The law on Public Procurement is a good one. It is not very prescriptive, but sets out a number of sensible principles. It is complemented by the Strategy for the Development of Public Procurement 2014-18 which is also binding for a public body.
These require a contracting authority to provide good value for taxpayer’s money, ensure competition, treat all bidders equally and ensure acceptable conditions for SMEs.
To do this, they must accurately describe the work to be done (technical specifications), dividing the work into lots where appropriate. They must set non-discriminatory participation conditions logically related to the technical specifications. They must set evaluation criteria that follow the logic and balance of the technical specifications and they must provide sufficient time to prepare a bid.
Unfortunately, they usually don’t. At present, public contracting authorities have little experience and many tenders have been cancelled by the Republic Commission for the Protection of Bidders’ Rights, an independent appeal body to which bidders may complain.

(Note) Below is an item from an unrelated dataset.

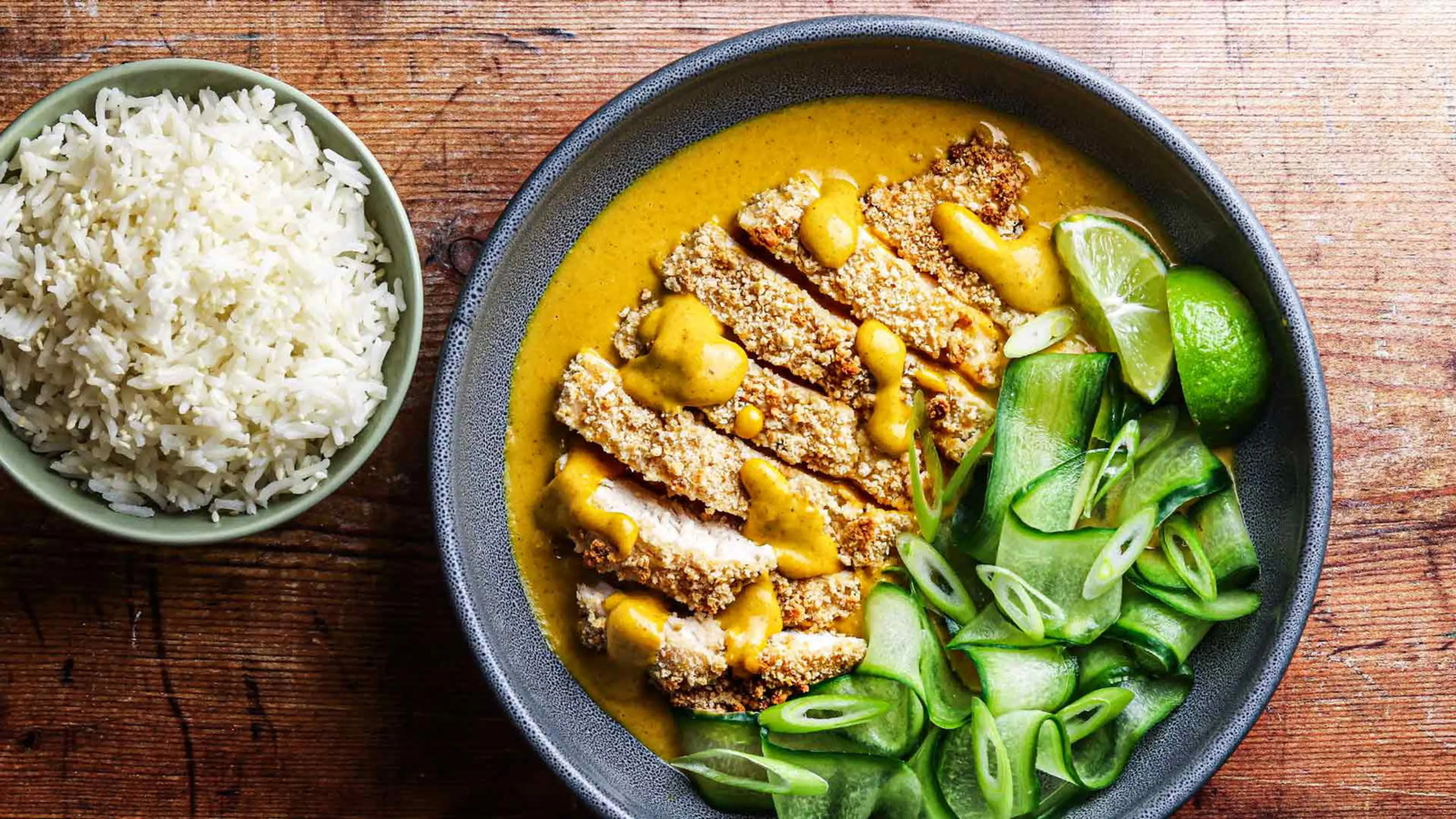 Hühnchen-Katsu-Curry mit Gurkensalat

The problem is that authorities provide sketchy or missing specifications that don’t show the relative size of the different jobs to be done, discriminatory participation conditions, evaluation criteria that do not address quality at all or fail to follow the balance of the specifications (if there are any), and lump different types of work into one tender with no lots. And surprisingly many tenders are launched the day before a long public holiday, giving too little time to prepare a bid.

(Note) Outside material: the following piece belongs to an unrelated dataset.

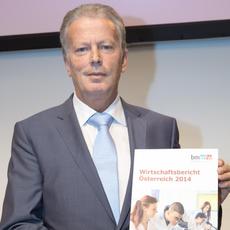 Wirtschaftsminister Mitterlehner präsentiert Wirtschaftsbericht 2014 070714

The Republic Commission publicises its decisions on its web site (www.kjn.gov.rs/). In the Serbian association of translation companies SATC, we have taken a look at some of the decisions. In the past year many complaints were made: SATC member companies alone lodged 15. They do not do this lightly: 14 were upheld by the Commission and only one rejected – because it was submitted a couple of hours late.
There are many reasons for a tender being cancelled. The most common is when bidders are required to guarantee certain minimum number of permanent staff. This is discriminatory and restrictive to competition because other forms of staff engagement allow equally good service performance. It is up to the bidder to organise its business model as it sees fit.
Some tenders have demanded references provided by a particular type of client e.g. public sector institutions or institutions that have a predominant activity, e.g. electricity production. The Commission has judged that references that confirm experience in translating specific material related to the subject of the procurement are relevant, and that the type of client is not.
Other unjustified conditions include a requirement for a permanent court interpreter; a specified total number of employees, that a translator’s diploma be recognized at a foreign university (one tender even wanted a doctorate from a particular Italian university!), or that the bidder must be registered with the Business Registers Agency with translation services as predominant activity (in breach of the Law on Business Companies).
You can read about this in more detail on the page http://upps.org.rs/about-translation/procurement/#1. In highlighting the most common errors in drafting tender dossiers, we hope to help avoid their repetition. This is in the mutual interest of both contracting authorities and translation companies. Cancelled tenders cost time and taxpayers’ money, and bad tender results do not give the taxpayer good value for their hard-earned cash.